Cieli! Aita! Nice, oh dio!
Chi di me pietade avra? Chi?

No, non mi lagno della sorte,
ch'io solo, io, si non quello
che me spingo in braccio a morte,
se di me non ho pieta.

Wednesday, May 09, 2007

A talk about slavery

Went to a rather disturbing talk about the attitude of missionaries to domestic slavery in West Africa in the late nineteenth and early twentieth centuries. Almost a century after the abolition of the slave trade, missionaries and the missionary societies tolerated, to a greater or less extent, the widespread practice of domestic slavery. Pragmatically, they probably had little choice if they were to be effective in their evangelism; and of course they argued that it was better to be a cared-for slave than to be abandoned with no means of sustenance. It's hard to defend this now. Yet I find myself much more prepared to acknowledge the nuances of the situation than I would have been a few years ago, when I was much less tolerant of hypocrisy. How strange it is to grow old, and see how life makes us compromise our strongest principles.

Monday, May 07, 2007

In the garden this morning

Seen in the garden
My neighbour's tulips

Saturday, May 05, 2007

A concert in Pepys's Church

St Olave's Church, Hart Street, London To St Olave's, Hart Street, for a concert of music by Victoria, Guerrero, Esquivel and Morales, excellently sung by the Giltspur Chamber Choir.

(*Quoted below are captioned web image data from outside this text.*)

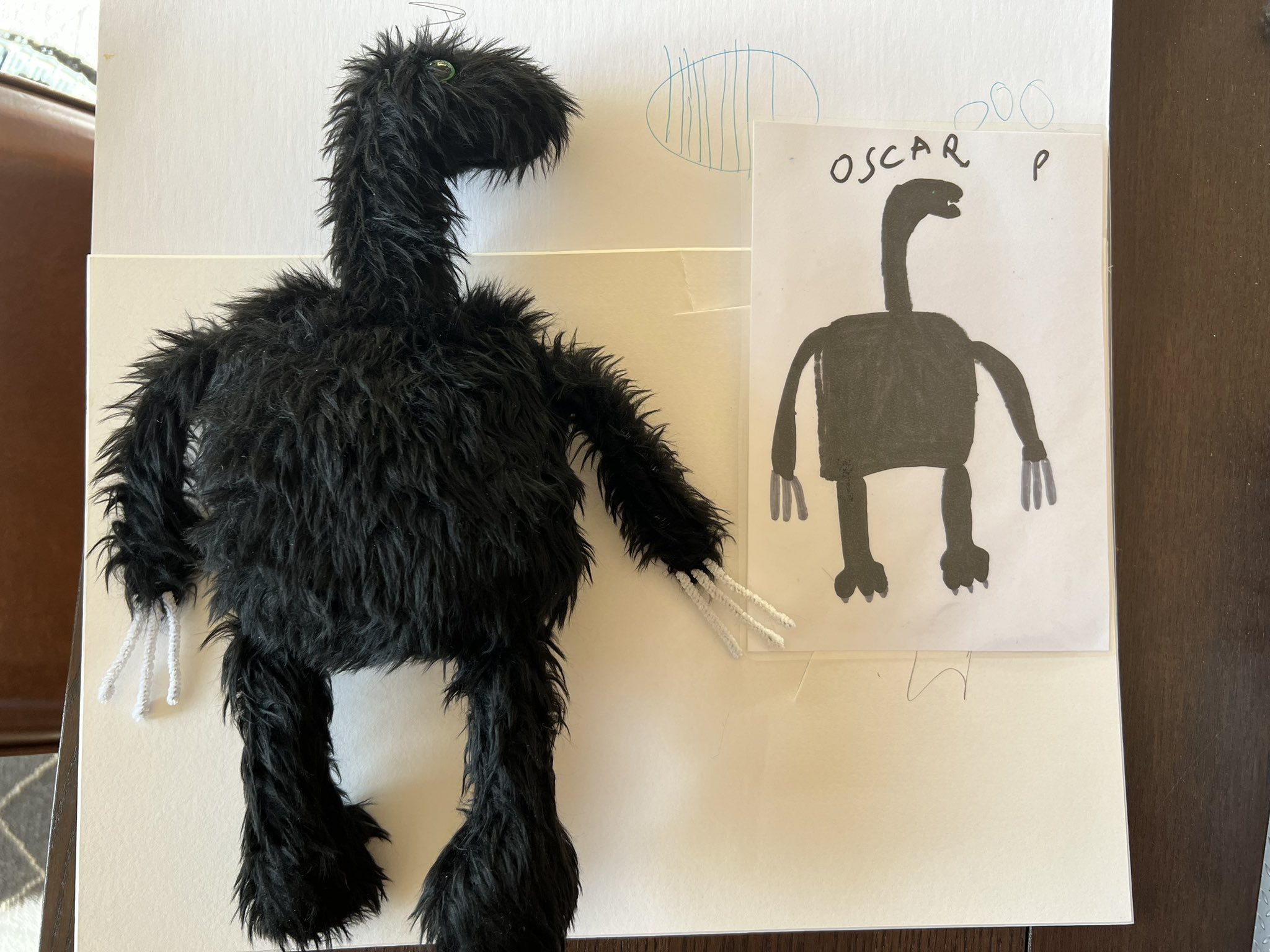 Black furry monster next to drawing of black animal. 
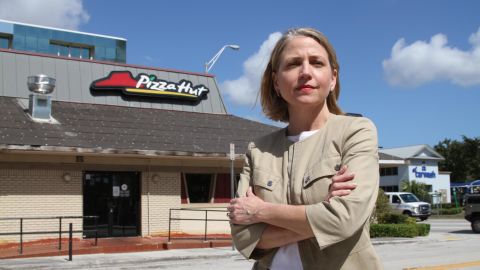 Mary Barzee Flores, now a candidate for Congress, stands outside the Pizza Hut where she was attacked as a teen.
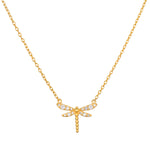 Gold-toned dragonfly pendant with white crystal accents on a delicate chain necklace.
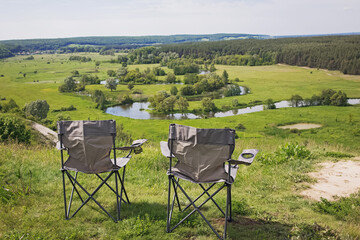 Two camping chairs standing on a hill with a beautiful view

St Olave's was Samuel Pepys's church. Three ominous skulls guard the entrance in Seething Lane to what Dickens described as the churchyard of St. Ghastly Grim. Inside the church is the bust of his wife Elizabeth, commissioned after her death by Pepys: she looks over his burial-place. There's also a memorial to Samuel (who had his own covered staircase to his pew from his workplace at the Admiralty, opposite).